Chris Cillizza: I think the media has done an ok job is trying to explain what is an incredibly complex and wide-ranging bill to the public.
The simple fact is that explaining an overhaul of the health care system in our country in 30 column inches of a 20 minute television broadcast is damn near impossible.
I think the media has done a terrible job at a relatively simple task. See, Cillizza is right that explaining everything about health care reform is damn near impossible. On the other hand, explaining the basic facts of "an overhaul of the health care system in 30 column inches or a 20 minute television broadcast" is incredibly easy. The media just chose not to do it.
For example, one of the central disputes over the public option was whether or not it would increase the deficit. Opponents said it would, and were frequently quoted as such in the media.
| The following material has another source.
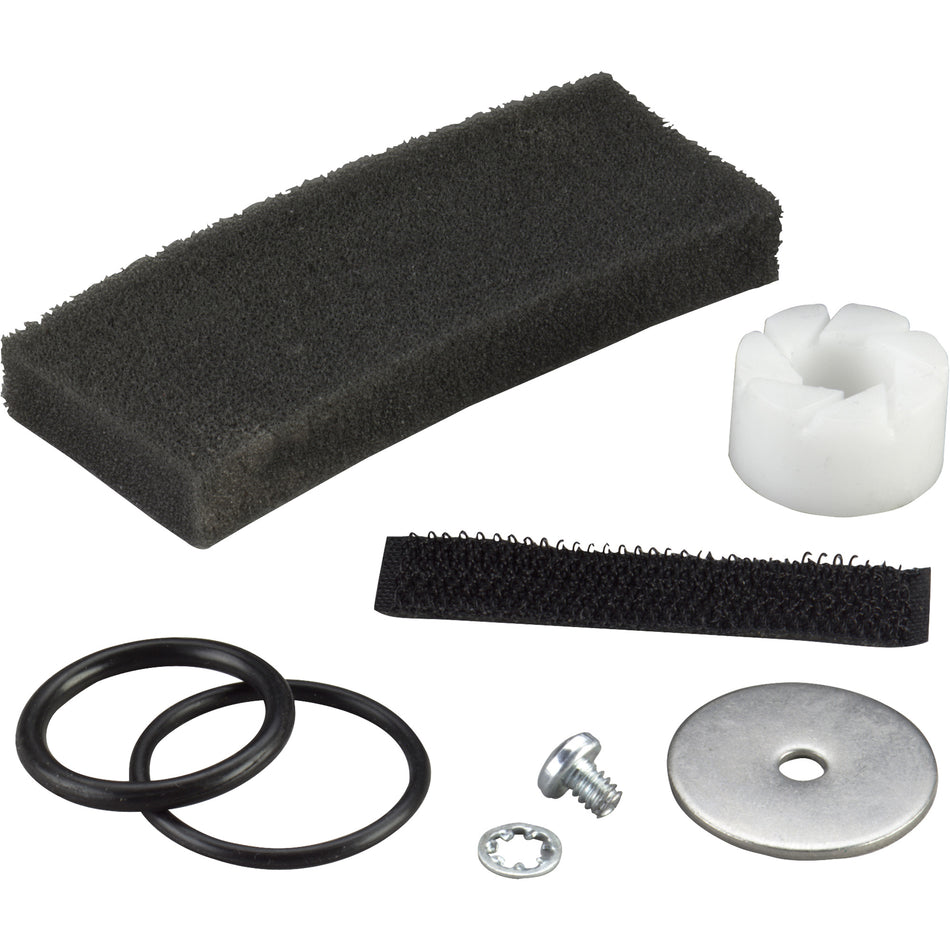 Versaflo™ Vortex Spare Parts Kit - SFQ524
But the Congressional Budget Office said that, in fact, it would reduce the deficit. But those news reports indicating that critics claimed it would add to the deficit typically failed to make the point that, according to CBO, this was not true. Had the media wanted to "explain" the basics, it would have been incredibly easy to make sure that every news report that mentioned the public option indicated that it would reduce the deficit.
And the same applies to other basic facts about the reform package. 300 million Americans were never going to understand every aspect of health care reform. But 300 million Americans don't need to understand every aspect of health care reform. Had the media committed themselves to explaining -- over and over again -- the basic facts that everyone does need to know, they would have done a much better job.
Instead, the news media basically punted on actually explaining things and focused on politics and process and minutia, while passing along politicians' claims and talking points without indicating whether or not they were true.
As for the "ok job" part: I'll renew my recent challenge to the Washington Post:
The Post has a polling budget. If they're so convinced that they've covered health care "pretty well" -- well enough that they can devote extensive resources to figuring out who golfers sleep with -- let's see them prove it. I dare the Post to conduct a scientific poll of its readers, asking them a basic question about health care reform: According to the Congressional Budget Office, would health care reform that includes a government-run public insurance option increase the deficit or reduce it?
If the Post has done a good job of covering health care reform, a large majority of its readers should be able to answer that question correctly. It would cost just a few thousand dollars -- a drop in the bucket for a newspaper like the Post -- in exchange for which the Post would be able to brag about how great its reporting is, and how well informed its readers are. And the paper would get to throw the results in the face of the critics Farhi dismisses as "presumptuous and self-serving" people who "lecture" the Post about " 'serious' news" simply "to telegraph that they themselves are verrrrry serious people and that we should follow their sterling example." Won't that be satisfying!
What's the downside? There is none, unless, of course, the Post thinks that the results would embarrass the paper and undermine its claims to have done a good job of reporting on health care.